Negosiasi Tarif AS Hampir Berakhir, Mendag Sebut Belum Ada Kesepakatan

1 day ago 8

Jakarta -

Proses negosiasi tarif impor antara Indonesia dengan Amerika Serikat (AS) masih terus berjalan. Hingga kini, belum ada kesepakatan yang terjalin menjelang batas akhir penundaan penerapan tarif baru yang jatuh pada 8 Juli atau 90 hari usai pengumuman tarif Presiden AS Donald Trump itu.

Menteri Perdagangan Budi Santoso mengatakan, hingga saat ini proses negosiasi belum menghasilkan kesepakatan dan masih terus berjalan. Adapun salah satu tujuannya ialah agar tarif impor resiprokal untuk RI bisa turun dari yang sebelumnya diumumkan 32%.

"Memang sampai sekarang belum ada, artinya belum ada kesepakatan. Jadi kita masih menunggu, saya kira juga Amerika juga masih menghadapi masalah-masalah internal," kata Budi, ditemui di Aryaduta Hotel Menteng, Jakarta, Rabu (2/7/2025).

SCROLL TO CONTINUE WITH CONTENT

Kementerian perdagangan sendiri juga masih terus melakukan proses identifikasi, khususnya terhadap 10 produk RI yang diekspor ke AS. Hal ini menjadi bagian dari bahan negosiasi yang dilayangkan kepada AS.

Salah satu yang diidentifikasi ialah negara-negara pesaing yang juga mengekspor 10 produk tersebut ke AS, seperti produk elektrikal. Budi mengatakan, jangan sampai pesaingnya seperti Malaysia, yang juga mengekspor produk tersebut, RI justru mendapatkan biaya impor lebih besar ketimbang Malaysia.

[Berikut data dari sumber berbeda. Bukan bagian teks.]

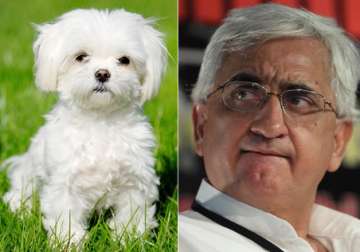Salman Khurshid duped of Rs 59,000 while trying to buy puppies online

Di samping itu, Indonesia masih mencatatkan surplus pada neraca perdagangan akumulasi Januari-Mei 2025 sebesar US$ 15,38 miliar. Badan Pusat Statistik (BPS) mencatat ekspor Indonesia naik 6,98%, di mana tren kenaikan nilai ekspor mencapai 11,54%. Menurutnya, kondisi ini menunjukkan bahwa perang dagang tidak berpengaruh signifikan pada perdagangan RI.

"Memang kemarin pada bulan April ekspor kita sempat menurun dibanding bulan Mei. Tapi setelah kami pelajari, sebenarnya kan memang awal April itu masih libur, jadi banyak ekspor tertunda. Kemudian juga waktu itu masih hangatnya tarif perang yang kebanyakan eksportir kita menunda karena menunggu kepastian," ujarnya.

Meski demikian, perdagangan dengan AS memegang peran penting bagi RI. Pada tahun 2024 saja, AS menduduki posisi kedua negara dengan kontribusi surplus terbesar ke neraca dagang Indonesia US$ 14,34 miliar. Sedangkan pada Laporan Neraca Dagang BPS hingga Mei 2025, AS menduduki posisi pertama.

"Sekarang Januari-Mei ini kita masih surplus dan bahkan Amerika tinggi. Januari-Mei kita surplus US$ 7,08 miliar. Artinya mudah-mudahan kondisi ini terus berjalan ya," kata dia.

Sebelumnya, Menteri Koordinator Bidang Perekonomian Airlangga Hartarto telah beberapa kali mengadakan pertemuan dengan Menteri Keuangan AS Kenneth Homer Bessent dan Duta Besar United States Trade Representative (USTR) untuk membahas negosiasi tarif resiprokal 32% ke RI.

Airlangga mengatakan, selama pertukaran dokumen tersebut terjadi, AS tidak mengajukan tambahan permintaan kepada Indonesia. Adapun permintaan utama AS ke Indonesia ialah untuk menyeimbangkan neraca perdagangan kedua negara, di mana RI tercatat surplus US$ 18-19 miliar.

"Tidak (ada permintaan baru dari AS), dan kemarin sudah disampaikan. Menurut mereka (dokumen negosiasi RI ke AS) cukup merepresentasi keinginan Amerika," kata Airlangga saat ditemui di kantornya, Jakarta, Kamis (26/6/2025).

Saat ini, Airlangga mengatakan, pemerintah Indonesia tinggal menunggu keputusan dari Presiden AS Donald Trump terkait kerja sama perdagangan RI-AS ke depan. Meski demikian, ia optimistis bahwa Trump tetap akan menjalin hubungan dagang yang baik dengan Indonesia.